— Data listing —
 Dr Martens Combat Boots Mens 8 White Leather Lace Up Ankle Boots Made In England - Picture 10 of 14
...
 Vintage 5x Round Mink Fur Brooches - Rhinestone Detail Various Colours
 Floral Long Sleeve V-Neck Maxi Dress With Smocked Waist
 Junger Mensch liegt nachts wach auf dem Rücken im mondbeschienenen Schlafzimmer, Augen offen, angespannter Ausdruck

— Required work —
Taking the material above, extract exactly and only the lines from the line with "Floral Long Sleeve" to the line with "Junger Mensch liegt", inclusive of both.

— Exercise output —
 Floral Long Sleeve V-Neck Maxi Dress With Smocked Waist
 Junger Mensch liegt nachts wach auf dem Rücken im mondbeschienenen Schlafzimmer, Augen offen, angespannter Ausdruck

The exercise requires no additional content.